= Jens Vahl =

Danish botanist (1796–1854)

Jens Laurentius Moestue Vahl (27 November 1796 – 12 November 1854) was a Danish botanist and pharmacist.

==Biography==
He was son of the Danish-Norwegian botanist and zoologist Martin Vahl (1749-1804). Jens Vahl graduated as a pharmacist in 1819 and then started studying botany and chemistry.

Vahl participated W. A. Graah's expedition to uninhabited areas of East Greenland in 1828–1830 with the purpose to search for the lost Eastern Norse Settlement. The expedition - in umiaks - was largely unsuccessful, but Vahl's botanical collections extended the previous knowledge much. Financial support from king Christian VIII of Denmark enabled Vahl to continue his investigations. So he travelled in West Greenland from 1829 to 1836, visiting all the Danish colonies from Julianehåb in the South to Upernavik in the North. He returned to Copenhagen in 1836 with very extensive plant collections, which he later donated to the University of Copenhagen. The Vahl collections added several lengths to the previous investigations by Paul Egede, Morten Wormskjold and others, and effectively laid the foundation of knowledge about the flora of Greenland. In contrast to his predecessors, Vahl made meticulous notes on the finding circumstances, like exact location and habitat of the plants.

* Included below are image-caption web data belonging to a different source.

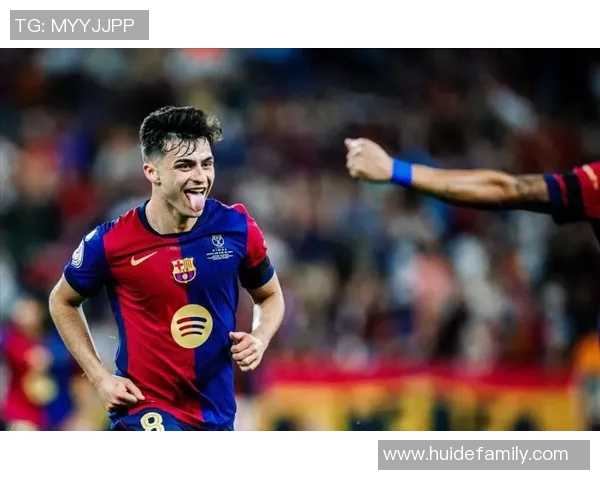 佩德里:新一代中场指挥官如何引领巴萨重返巅峰之路 佩德里:新一代中场指挥官如何引领巴萨重返巅峰之路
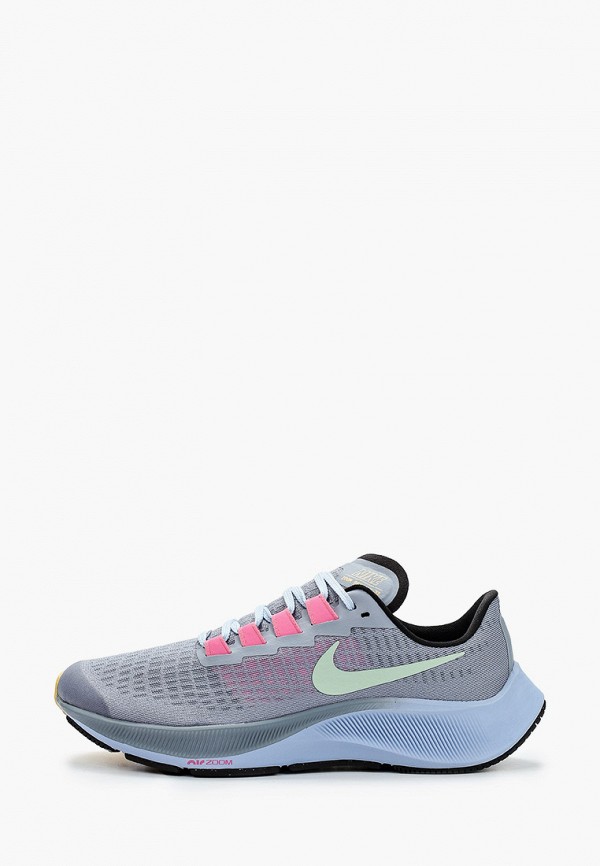 Кроссовки Nike AIR ZOOM PEGASUS 37 (GS) купить за 6 690 ₽ в интернет-магазине Lamoda.ru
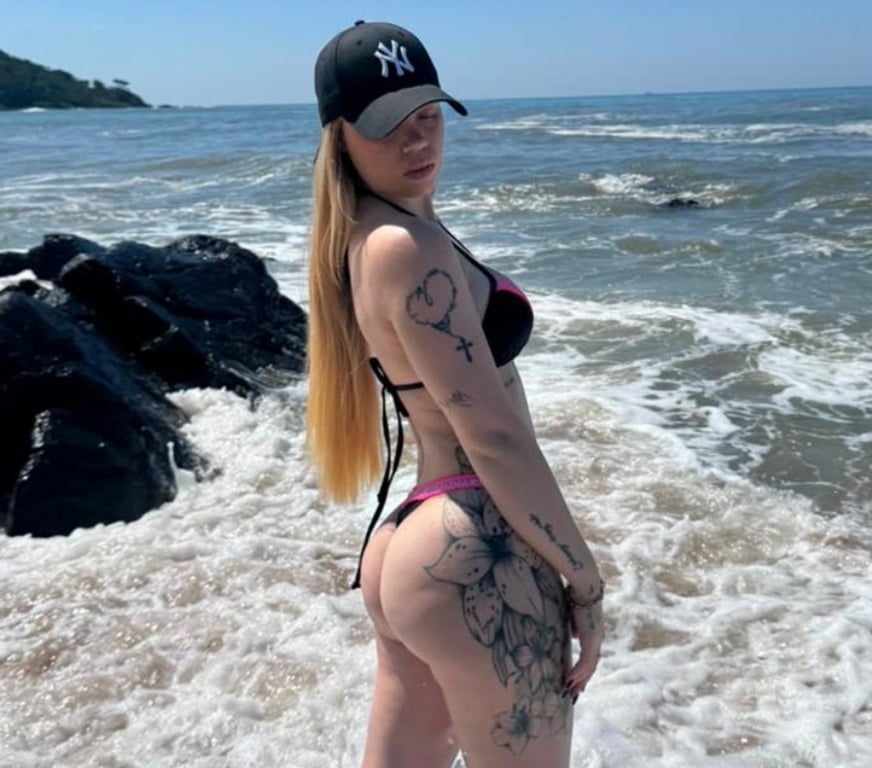 Escorts East London Stratford - East London - Photos for BIANCA BRAZILIAN NAUGHTY 😈100% GENUINE✅OWO&CIM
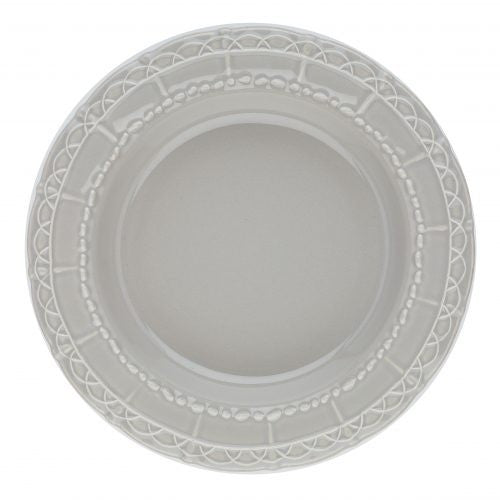 Skyros Historia Greystone Soup/Pasta Bowl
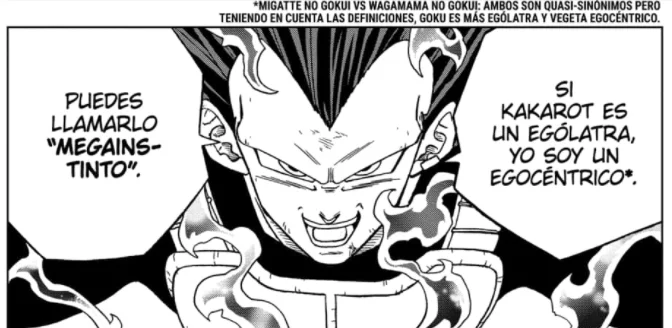 Diferencia entre egoísta y ególatra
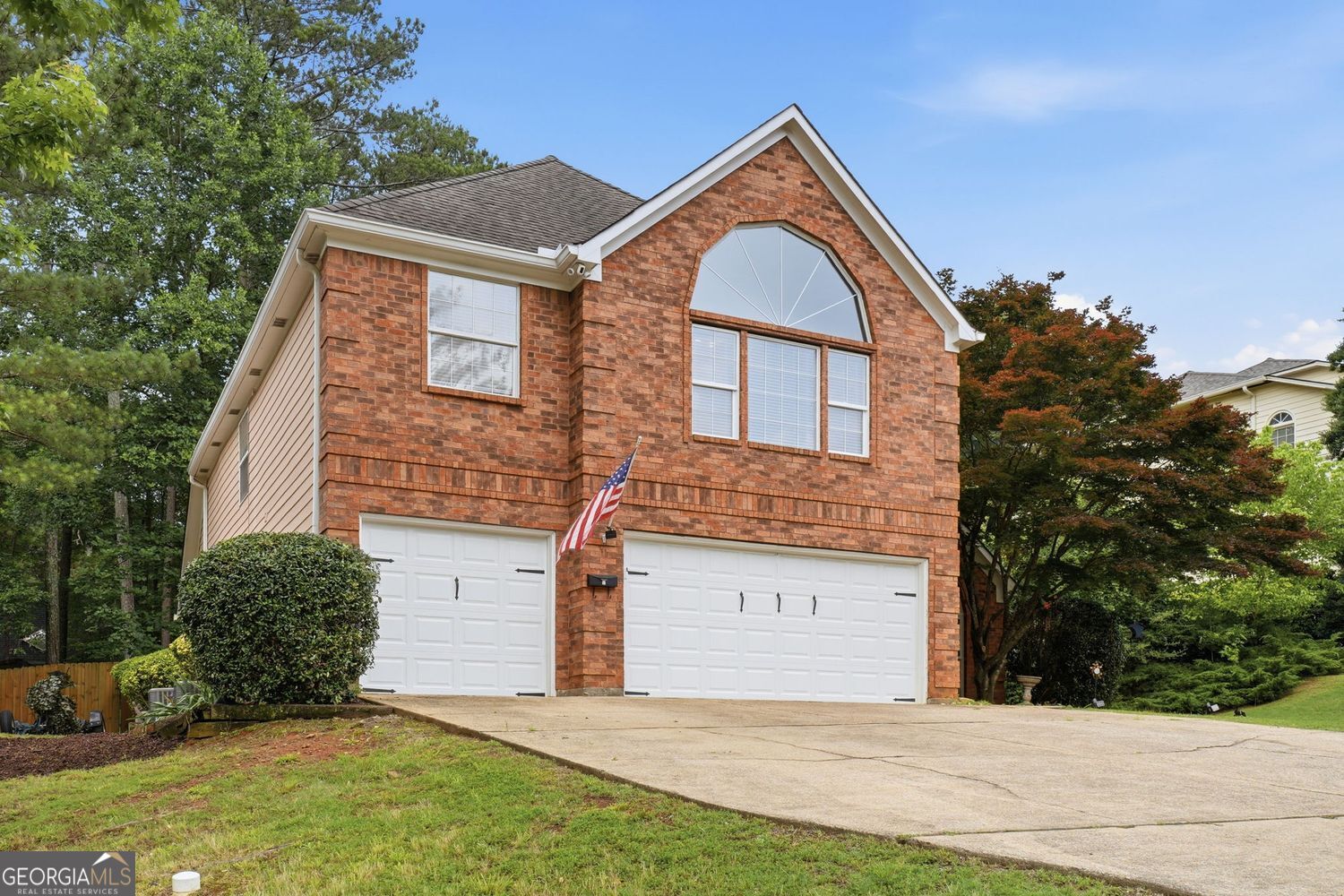 5270 Cameron Forest PKWY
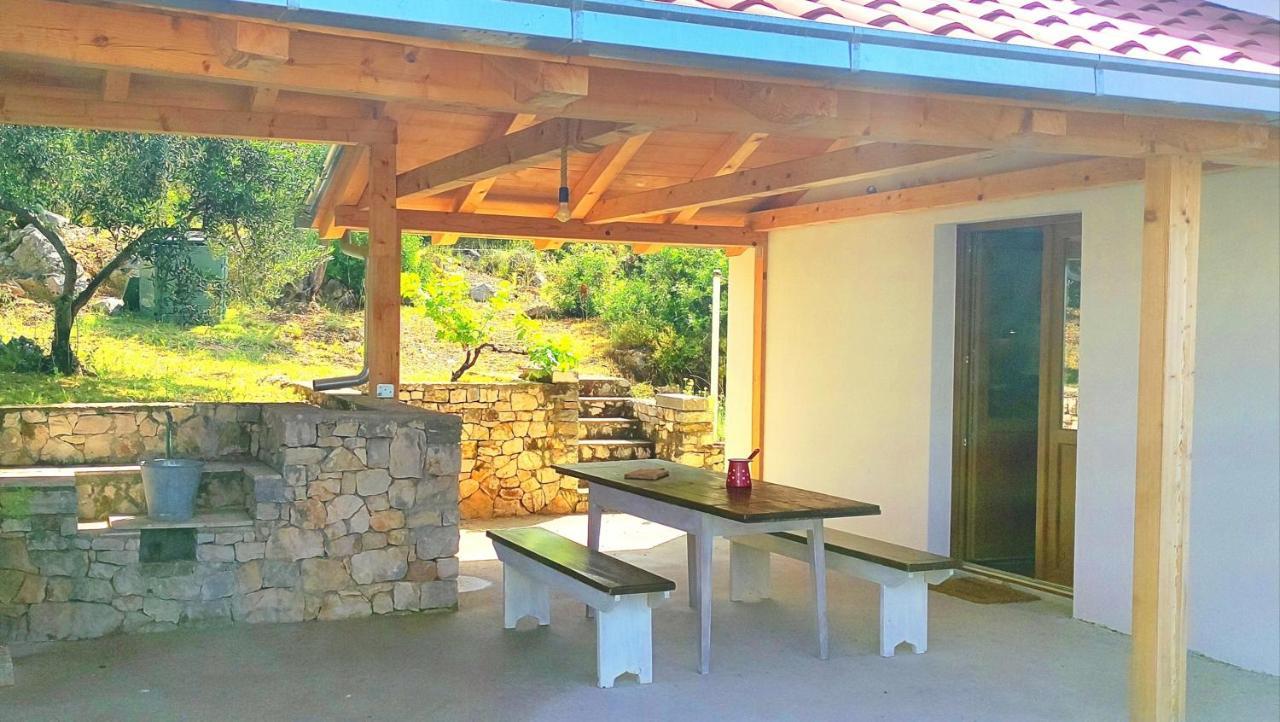 فيلا Aldos House Ražanj المظهر الخارجي الصورة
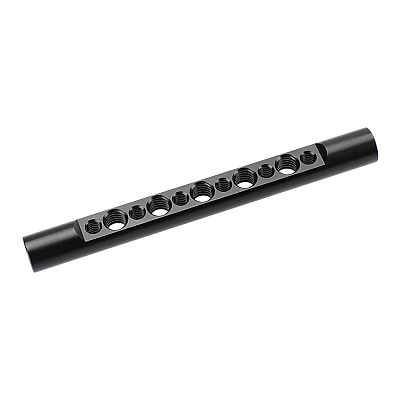 Направляющая Camvate C1559 алюминиевая диаметр 15mm Cheese Rod (M12) длина 145mm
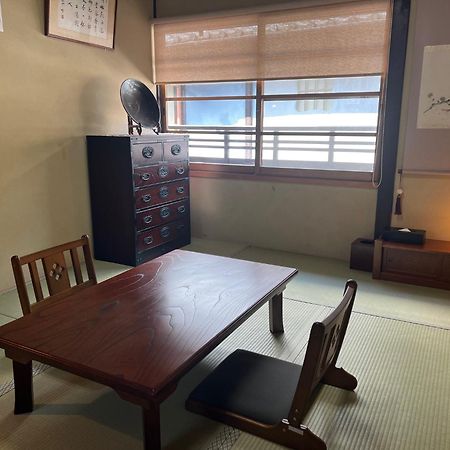 Kiyomizu Machiya Inn Kyoto Exterior foto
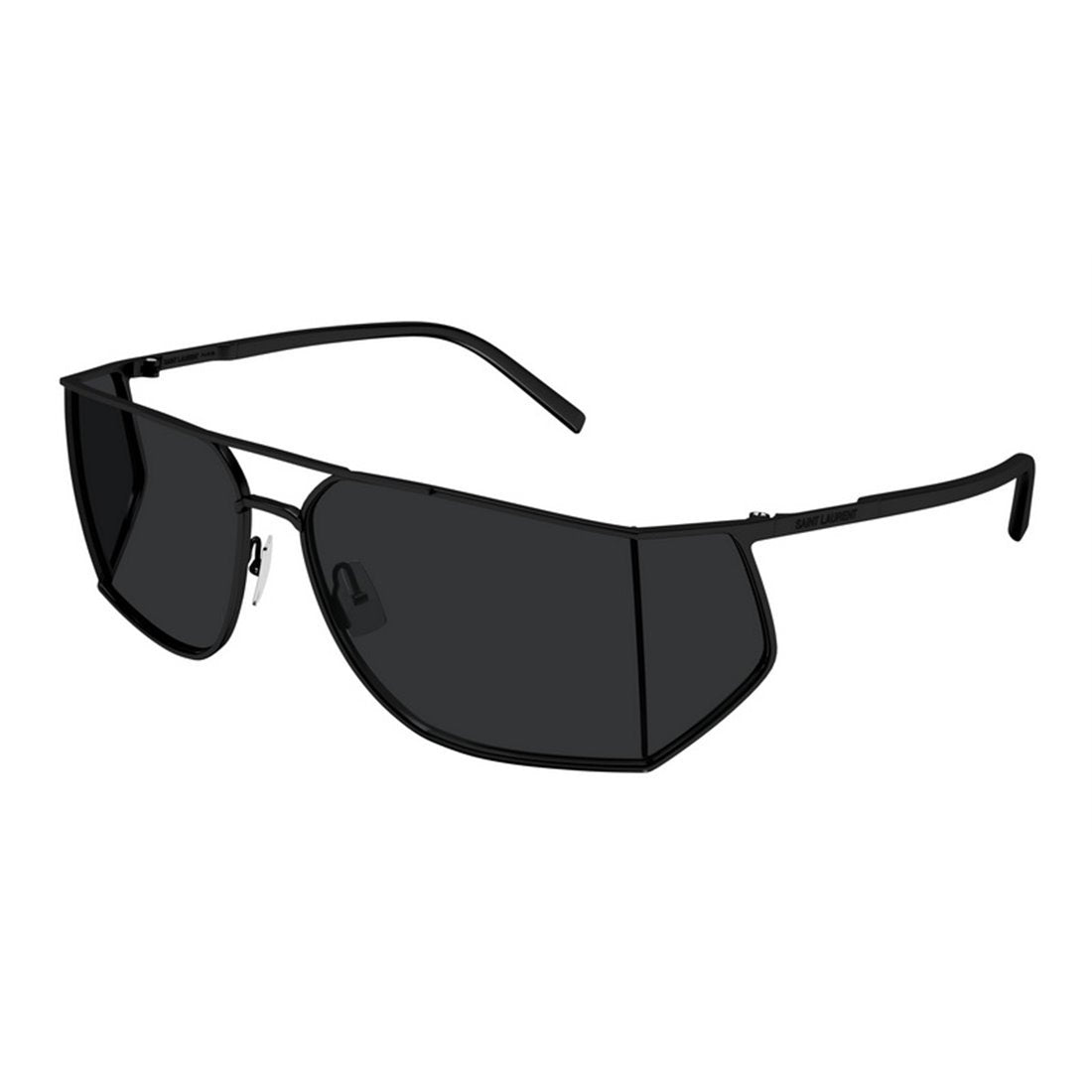 SAINT LAURENT SL 750 Mini Sunglasses for Men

In 1838–1839, Vahl participated in a French expedition led by Joseph Paul Gaimard (1796–1858) to Nordkapp and Spitsbergen. In 1840, he was made assistant at the Botanic Garden in Copenhagen. He described many new species, e.g. Draba arctica, but he did not finish the planned Greenlandic flora before his death. His successor, Johan Lange, picked up the task two decades later, which resulted in Conspectus Florae Groenlandicae (1887–1894). Together with Salomon Drejer and Joakim Frederik Schouw, Vahl was the publisher of Flora Danica Fasc. 38.